/dobby

Primary LanguagePython

Dobby Project for Dataak task

A character in Harry Potter movie

This project consists of three services and kafka ui:

  1. Kafka Producer Daemon: A service that fetches data from an external API (https://fakerapi.it/api/v2/texts?_quantity=100&_locale=fa_IR) every minute, processes the received data, and pushes it to a Kafka topic.

  2. Kafka Consumer Daemon: A service that reads the data from the Kafka topic, processes it, and stores the data into an Elasticsearch index with the specified schema.

  3. FastAPI Service: A web service that provides APIs for searching and tagging the content stored in Elasticsearch. The search allows users to filter content by any field, and the tagging feature allows tagging content with predefined static tags.

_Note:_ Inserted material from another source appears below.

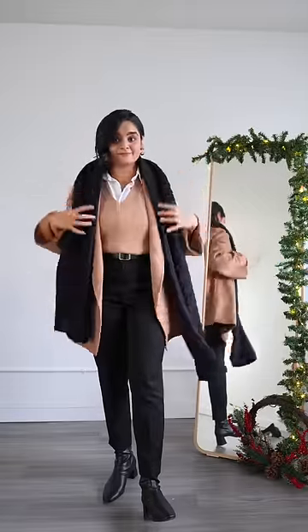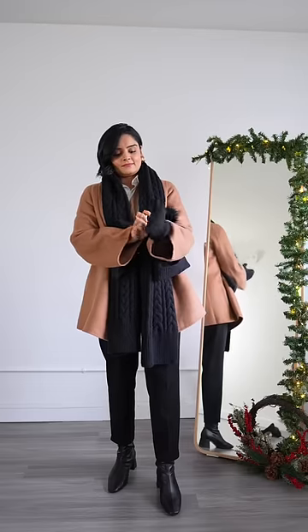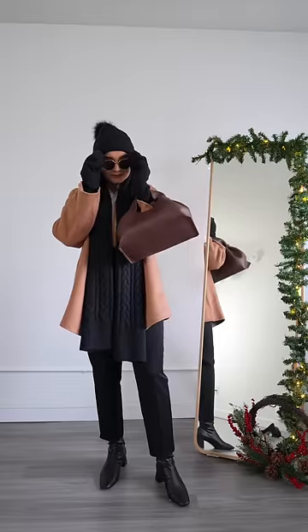Now add a scarf for an extra layer of protection. For ladies who take the bus or public transportation, don't forget your mittens and cap. If these are the same color as your scarf, it will elevate your look even further.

  4. Kafka UI : a kafka ui for easy use of kafka run on http://localhost:8080

Requirements

Before you begin, ensure you have the following installed:

  • Docker
  • Docker Compose
  • Make (optional, for running Makefile commands)

Overview

This project is a FastAPI-based service with Docker, Kafka, and other necessary configurations to run and test. This document outlines how to build, run, and interact with the project using the provided Makefile.

Setup

Clone this repository to your local machine:

git clone <repository-url>
cd dobby

Docker Setup

The project uses Docker for containerization. Ensure Docker is running on your system.

Usage

Build Docker Images

To build the Docker images for the project, run the following command:

make

This will build the Docker images specified in the docker-compose.yml file. It uses the DOCKER_DEFAULT_PLATFORM=linux/amd64 environment variable to ensure compatibility across systems.

Run Docker Containers

To start the application and related services, use:

make run

This command starts the Docker containers as defined in the docker-compose.yml file. The application will be accessible according to the settings in your Docker Compose file.

Restart Containers

If you need to restart the containers, use:

make restart

This will restart the running containers.

Bring Down Containers

To stop and remove all containers, networks, and volumes defined in your docker-compose.yml file:

make down

View Logs

To view the logs of the application container, run:

make log

This will display the logs of the app container in real-time.

Run Tests

To run tests inside the FastAPI service container, use:

make run-tests

This will execute the tests using pytest inside the FastAPI service container.

Create Kafka Topic

To create a Kafka topic (texts_topic), use:

make create-kafka-topic

This command will create a Kafka topic named texts_topic with 1 partition and a replication factor of 1, if it doesn't already exist.

All Commands

The following are the targets available in the Makefile:

  • docker: Builds the Docker images for the project.
  • run: Starts the Docker containers defined in docker-compose.yml.
  • restart: Restarts the Docker containers.
  • down: Stops and removes all containers, networks, and volumes.
  • log: Shows real-time logs for the app container.
  • run-tests: Runs tests inside the FastAPI service container.
  • create-kafka-topic: Creates the Kafka topic texts_topic.

Troubleshooting

If you encounter issues with Docker or the services, check the following:

  • Ensure Docker is running and properly configured.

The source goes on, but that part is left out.